Invited: Continuum Modeling of Interfacial and Transport Phenomena in Electrochemical Capacitors

Electrochemical capacitors are promising electrical energy storage devices bridging the gap between batteries and conventional dielectric capacitors. They can be divided in two categories: electric double layer capacitors (EDLCs) and pseudocapacitors. EDLCs store electric charge physically in the electric double layer forming at the interfaces between the electrolyte and nanoporous electrodes. During charging or discharging, ions are transported in the electrolyte under the combined influence of diffusion and electrostatic forces as well as steric effects. On the other hand, pseudocapacitors store energy not only via the electric double layer but also via fast surface redox reactions and possibly ion intercalation within the redox-active electrode.

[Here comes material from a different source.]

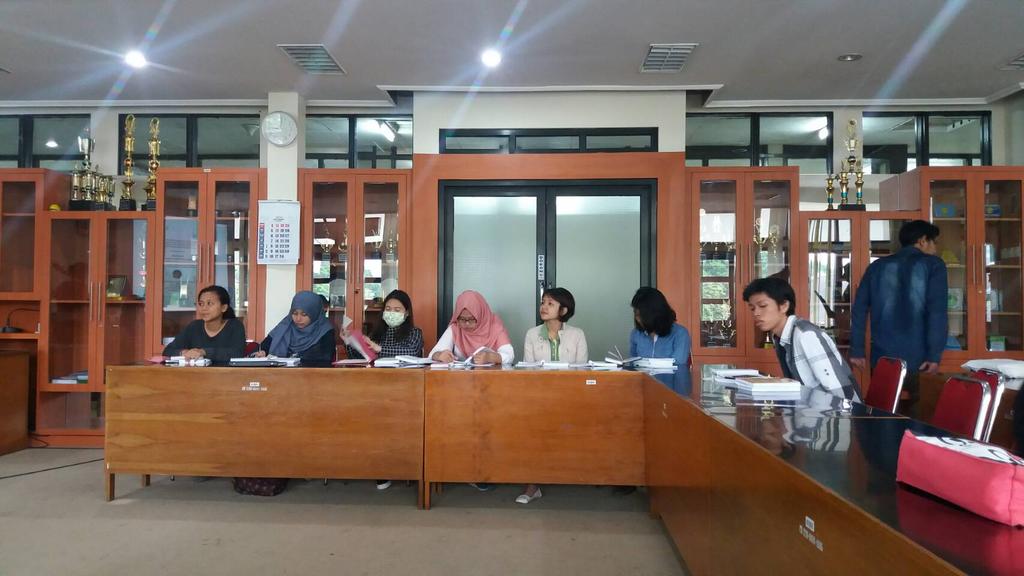 [INFO HIMASAD] Sedang berlangsung "Pelatihan Apresiasi Kinderroman 'Momo'" bersama Prof.Dr.Dr.h.c Hans-Heino Ewers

This talk will present physical modeling of interfacial phenomena, transport phenomena, and redox reactions in electrochemical capacitors under charging and discharging conditions. The model accounts for finite ion size, asymmetric electrolytes, and three-dimensional electrode morphology. It also considers faradaic reactions and ion intercalation when simulating pseudocapacitors. Typical cyclic voltammetry measurements will be reproduced numerically for various electrolyte and electrode materials and different scan rates. The results will be used to provide detailed physical interpretation of experimental measurements. Special effort will be made to systematically compare model predictions with experimental data.